> **Data for this task**:
<<<<
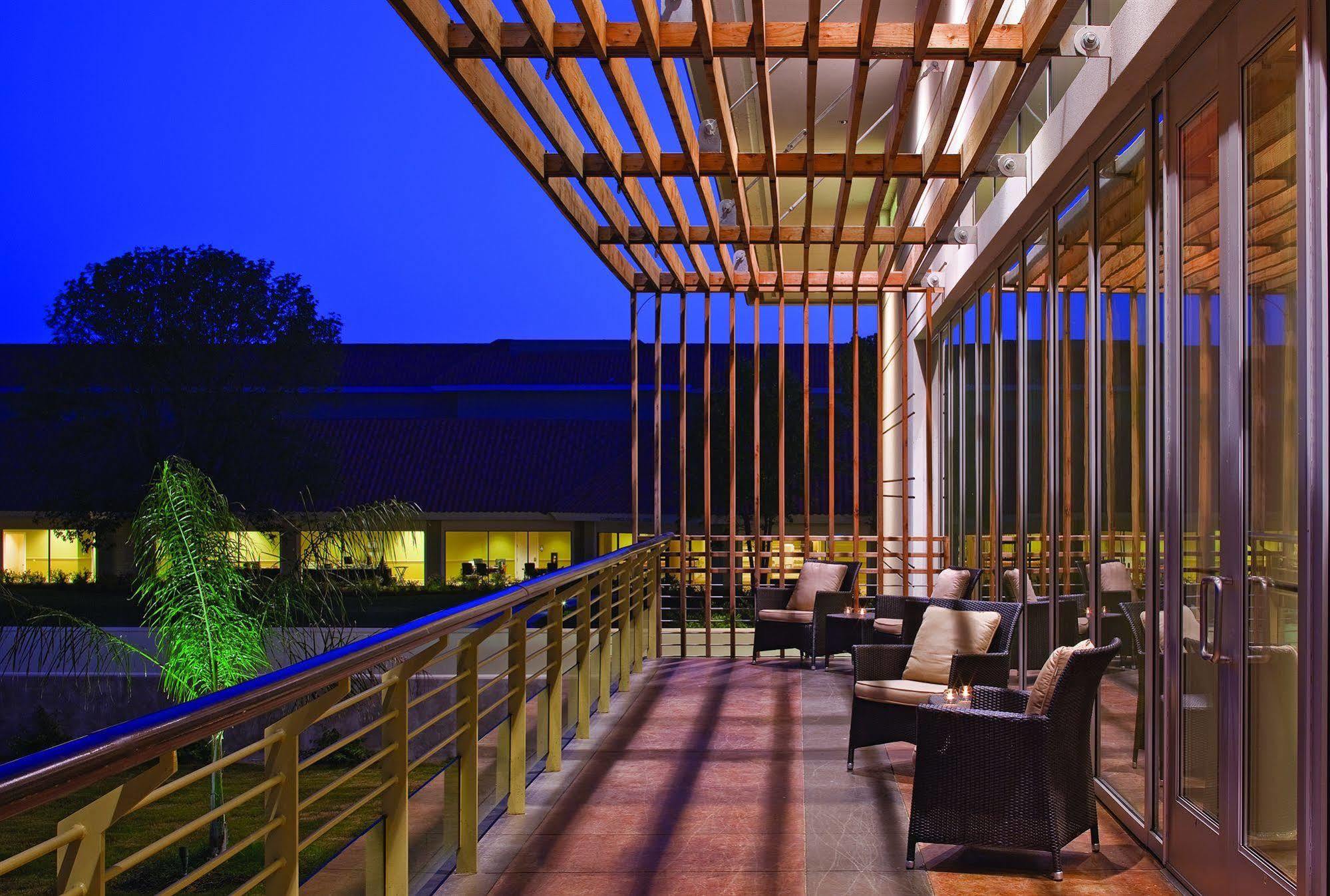 La Torretta Lake Resort & Spa Montgomery Room photo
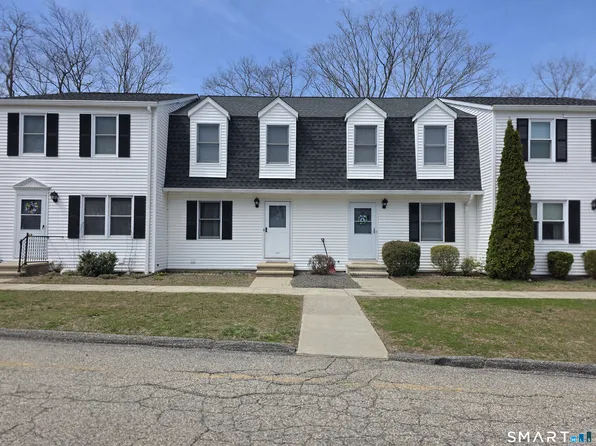 18 Colonial Village #18, Shelton, CT 06484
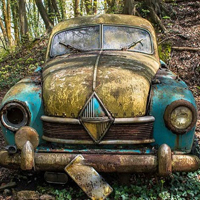Free online html5 games - Rusty Cars Forest escape HTML5 game - Games2rule 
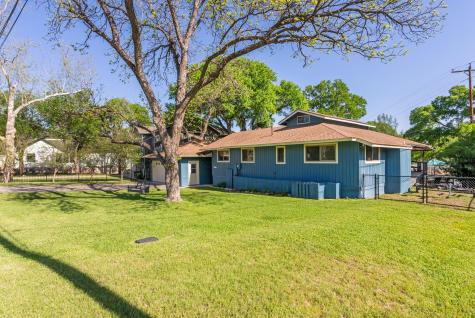 1707 Aztec Trail Kingsland TX 78639
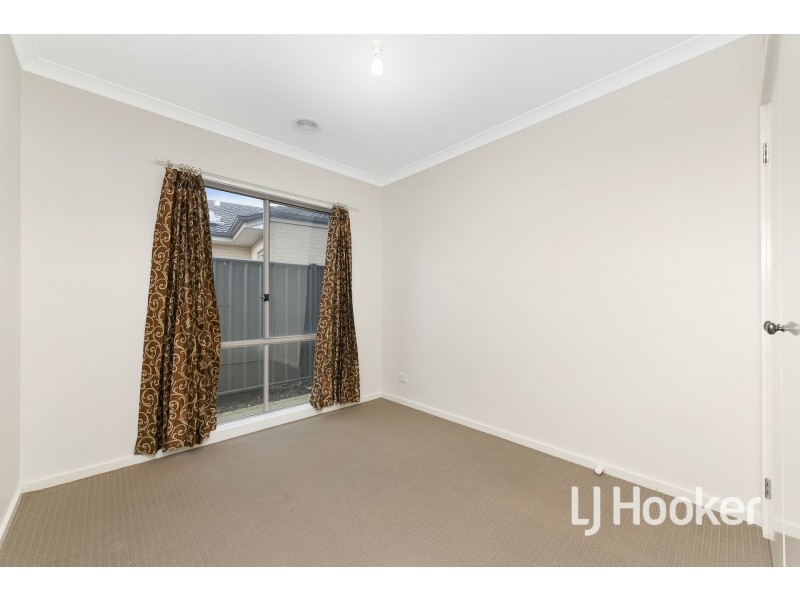 11 Eliza Street, Cranbourne North VIC 3977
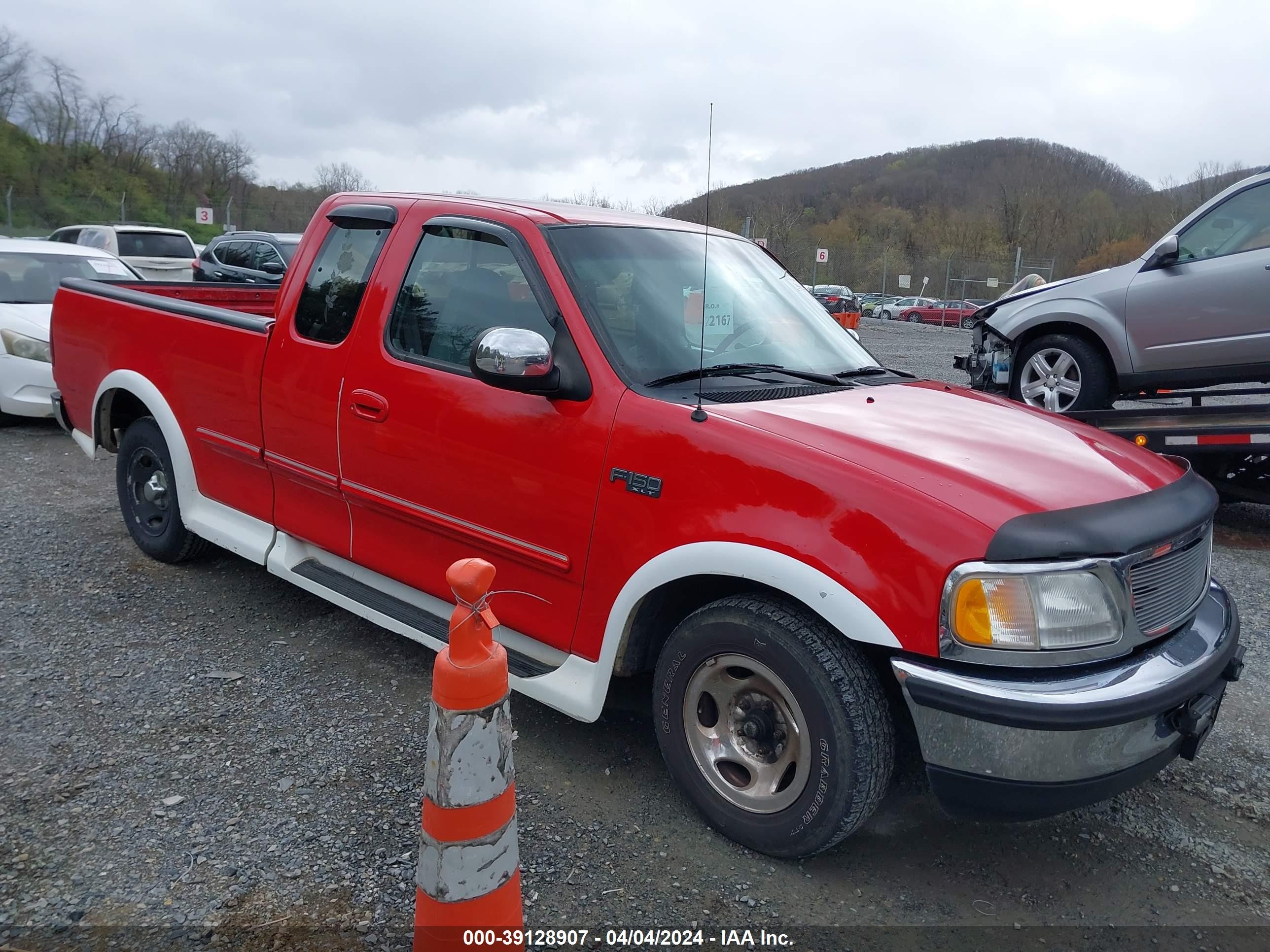 FORD F-150 1997 1ftdx1760vna53577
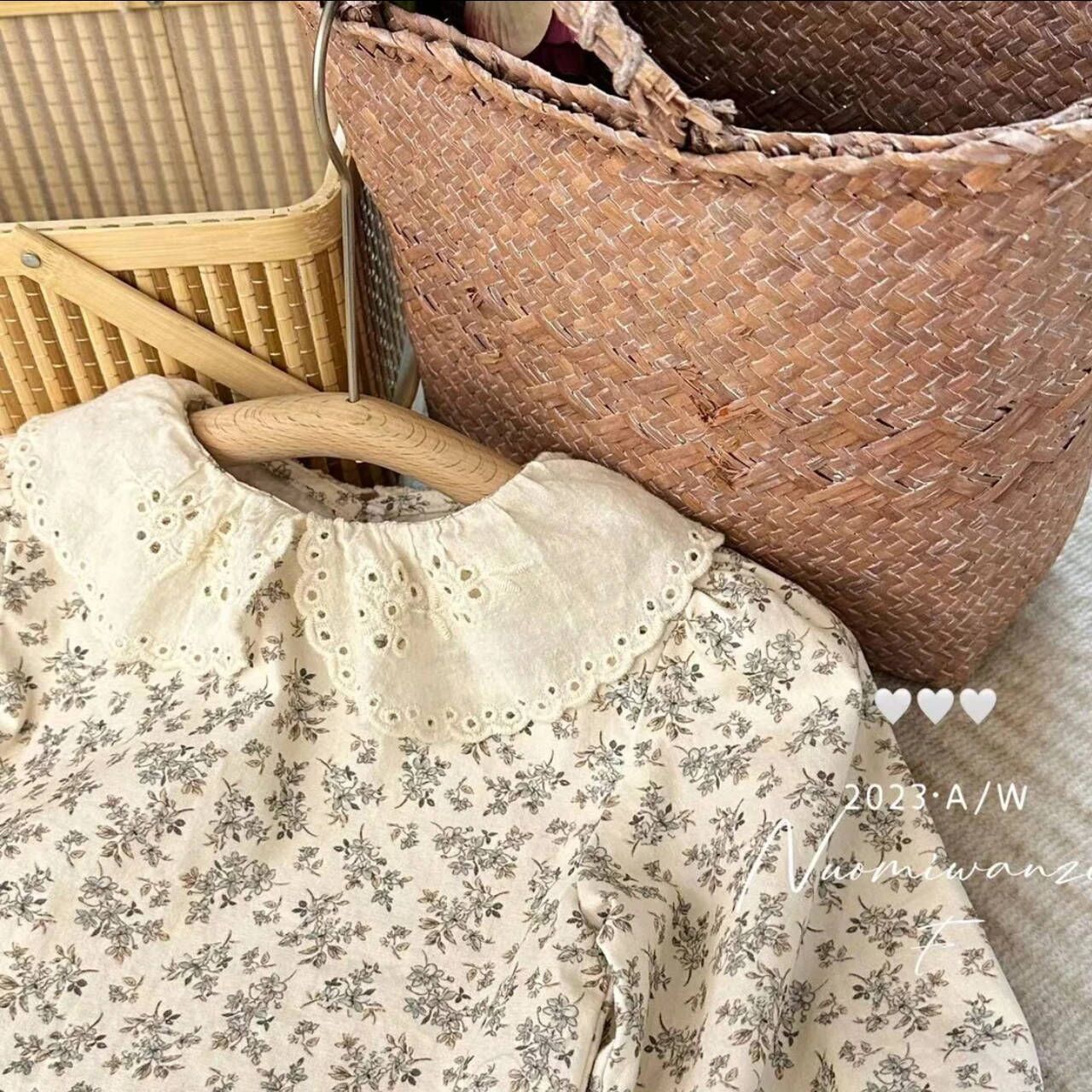 Estilo coreano primavera y otoño niñas bebé suave camisa de fondo floral ins manga larga muñeca collar suelta camisa de los niños lindos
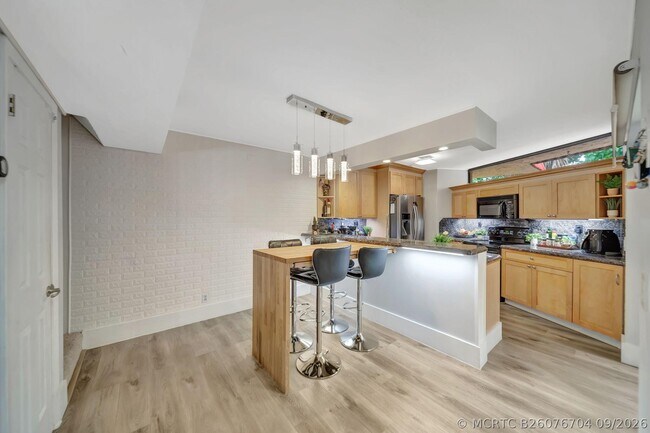 Building Photo - 8105 Severn Dr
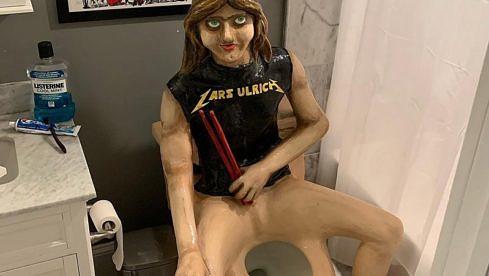 Ist die Lars Ulrich-Toilette nicht gar wunderhübsch?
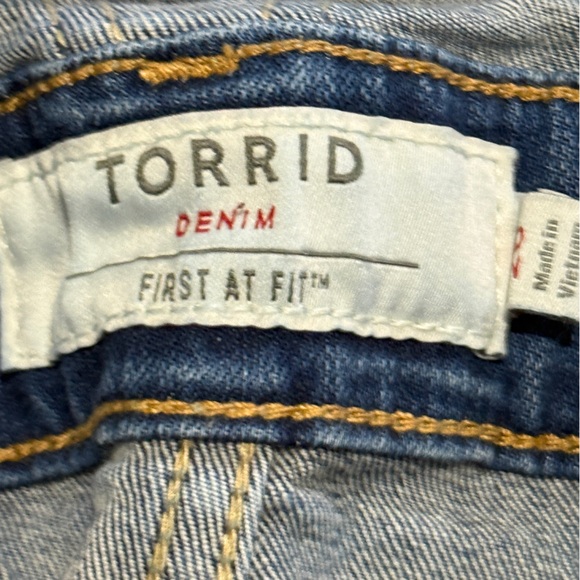 Torrid classic denim bib overalls. Front & back pockets 98% cotton. Plus size 26 - Picture 12 of 12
>>>>
> **Assignment**: Your copy must hold exactly the lines from the one with "Building Photo - 8105 Severn Dr" to the end of the records above, both included, and no pictures.

> **Your solution**:
 Building Photo - 8105 Severn Dr
 Ist die Lars Ulrich-Toilette nicht gar wunderhübsch?
 Torrid classic denim bib overalls. Front & back pockets 98% cotton. Plus size 26 - Picture 12 of 12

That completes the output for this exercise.